要素の追加時は以下のようにそれぞれのハッシュ関数の出力値をオフセットとして、そのハッシュ関数に対応する配列の要素をインクリメントします。
参照頻度の推定値算出
ある要素の参照頻度を推定するには、当該要素に対して各ハッシュ関数を適用して配列要素にマッピングします。それらの最小値が参照頻度の推定値となります。
ただし、ハッシュ値が衝突することでこの推定値が実際の参照頻度よりも多くなる可能性があります。
Count-Min Sketchの疑似コード
class CountMinSketch:
def __init__(self, width: int, k_num: int):
self.width = width
self.k_num = k_num
self.counters = [[0 for _ in range(self.width)] for _ in range(self.k_num)] # counterとしてk_num個の配列を用意する
self.mask = (1 << (self.width - 1).bit_length()) - 1
# keyに対してk_num個のハッシュ関数を適用して配列オフセットを取得する
# そのオフセットに対応する要素集合の最小値に等しい要素をインクリメントする
def increment(self, key: Hashable):
hashes = [hash(key, k_i) for k_i in range(self.k_num)]
lowest = min(self.counters[k_i][hashes[k_i]] for k_i in range(self.k_num))
for k_i in range(self.k_num):
if self.counters[k_i][hashes[k_i]] == lowest:
self.counters[k_i][hashes[k_i]] += 1
# keyに対応するcounterを取得し、その最小値を推定頻度として返す
def estimate(self, key: Hashable) -> int:
hashes = [self.hash(key, k_i) for k_i in range(self.k_num)]
return min(self.counters[k_i][hashes[k_i]] for k_i in range(self.k_num))
# すべての配列要素を0にクリア
def clear(self):
self.counters = [[0 for _ in range(self.width)] for _ in range(self.k_num)]
# freshness mechanism
def reset(self):
self.counters = [[counter // 2 for counter in counters] for counters in self.counters]
W-TinyLFUの疑似コード
最後に上記のCount-Min Sketchコードを使用したW-TinyLFUの疑似コードを以下に提示します。
class WTinyLfuCache:
def __init__(self, cap, sample_size):
window_cache_cap = max(1, int(cap * 0.01))
main_cache_cap = max(1, cap - window_cache_cap)
self.approximation_sketch = CountMinSketch(sample_size)
self.sample_size = sample_size
self.S = 0 # Freshness MechanismのグローバルカウンタS
self.doorkeeper = BloomFilter(sample_size, 0.01)
self.window_cache = LruCache(window_cache_cap)
self.main_cache = LruCache(main_cache_cap)
# キャッシュに要素を追加する
def push(self, key, val):
# すでにWindowキャッシュに含まれているなら、その先頭に移動させる
if key in self.window_cache:
return self.window_cache.push(key, val)
# すでにMainキャッシュに含まれているなら、その先頭に移動させる
if key in self.main_cache:
return self.main_cache.push(key, val)
window_cache_victim = self.window_cache.push(key, val)
# Windowキャッシュがいっぱいの場合
if window_cache_victim is not None:
window_cache_victim_key, window_cache_victim_val = window_cache_victim
# Mainキャッシュがいっぱいの場合
main_cache_victim = self.main_cache.peek_lru_if_full()
if main_cache_victim is not None:
main_cache_victim_key, _ = main_cache_victim
window_cache_victim_estimation = self.estimate(window_cache_victim_key)
main_cache_victim_estimation = self.estimate(main_cache_victim_key)

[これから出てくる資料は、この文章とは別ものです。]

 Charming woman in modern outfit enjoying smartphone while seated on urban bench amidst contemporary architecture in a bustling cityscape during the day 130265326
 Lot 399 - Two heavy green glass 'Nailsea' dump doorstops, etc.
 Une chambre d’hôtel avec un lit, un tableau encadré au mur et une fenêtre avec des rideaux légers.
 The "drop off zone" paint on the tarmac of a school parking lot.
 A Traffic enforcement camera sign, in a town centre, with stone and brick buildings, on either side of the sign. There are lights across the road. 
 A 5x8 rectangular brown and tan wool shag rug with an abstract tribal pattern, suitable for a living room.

# Windowキャッシュの削除候補とMainキャッシュの削除候補の参照頻度を比較して、勝った方をMainキャッシュに残す
if window_cache_victim_estimation > main_cache_victim_estimation:
return self.main_cache.push(window_cache_victim_key, window_cache_victim_val)

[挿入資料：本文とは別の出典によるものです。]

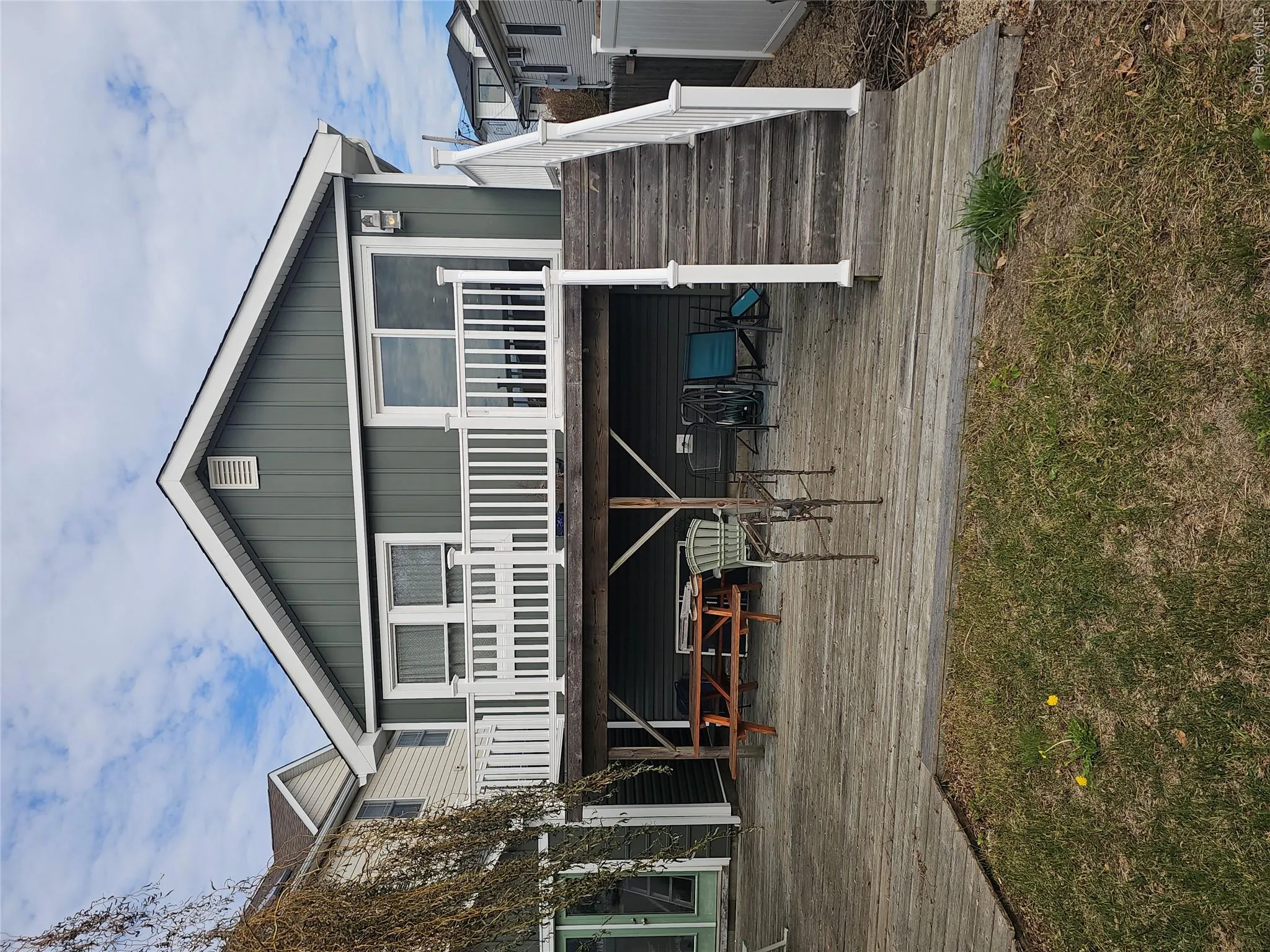 Exterior featuring board and batten siding, elevated deck with white railing, wood-surface patio, and staircase Exterior featuring board and batten siding, elevated deck with white railing, wood-surface patio, and staircase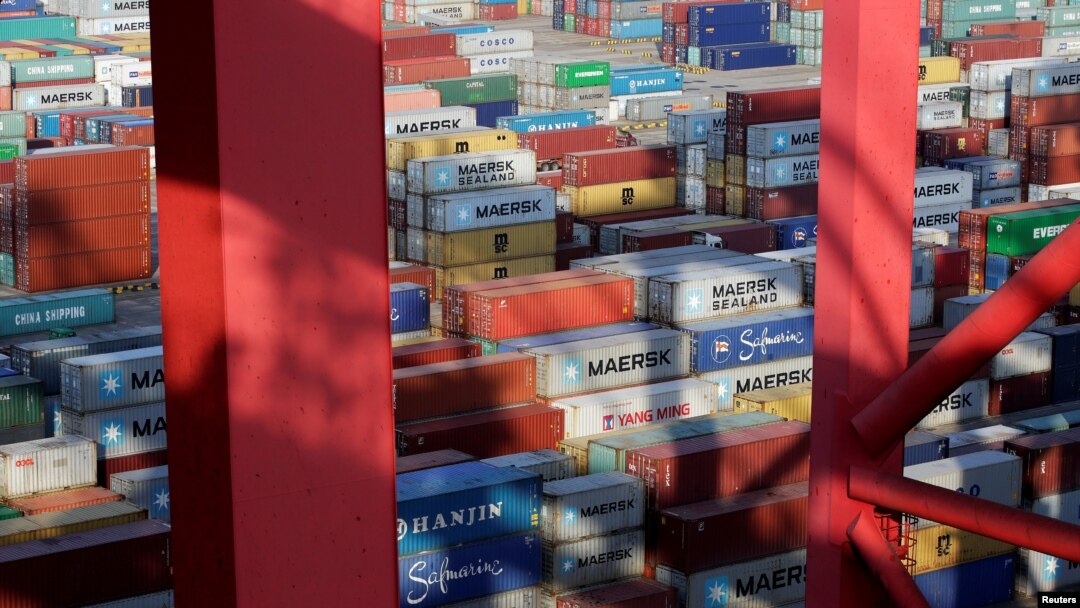 FILE - Containers are seen at the Yangshan Deep Water Port in Shanghai, China, Sept. 24, 2016.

return window_cache_victim
# MainキャッシュがいっぱいでなければWindowキャッシュの削除候補をMainキャッシュに追加
return self.main_cache.push(window_cache_victim_key, window_cache_victim_val)
return None
# キャッシュ中の要素を取得
def get(self, key):
val = None
if key in self.window_cache:
val = self.window_cache.get(key)
elif key in self.main_cache:
val = self.main_cache.get(key)
if val is not None:
if self.doorkeeper.check(key):
# Count-Min Sketchのkeyに対応する部分をインクリメント
self.approximation_sketch.increment(key)
self.S += 1
# グローバルカウンタSがサンプルサイズを超えたらFreshness Mechanismを実行する
if self.S >= self.sample_size:
self.approximation_sketch.reset()
self.doorkeeper.clear()
self.S = 0
else:
self.doorkeeper.set(key)
return val
# Count-Min Sketchでkeyに対応する要素の参照頻度推定値を取得
def estimate(self, key):
estimate = self.approximation_sketch.estimate(key)

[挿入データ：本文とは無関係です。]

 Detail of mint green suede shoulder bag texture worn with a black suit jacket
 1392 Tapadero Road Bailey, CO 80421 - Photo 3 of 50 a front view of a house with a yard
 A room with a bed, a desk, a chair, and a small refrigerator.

# keyがdoorkeeperにあれば、doorkeeper分の参照回数(1回)を推定値に追加する
if self.doorkeeper.check(key):
estimate += 1
return estimate
まとめ
この記事では、LFU(Least Frequently Used)を改良したキャッシュ置換アルゴリズムであるW-TinyLFUについて詳しく解説しました。
W-TinyLFUでは、LFUの統計情報のサイズが大きいという欠点をCount-Min Sketchにより解消していることが理解できたと思います。
次回はキャッシュ置換アルゴリズムのCLOCK、SIEVEについて解説する予定です。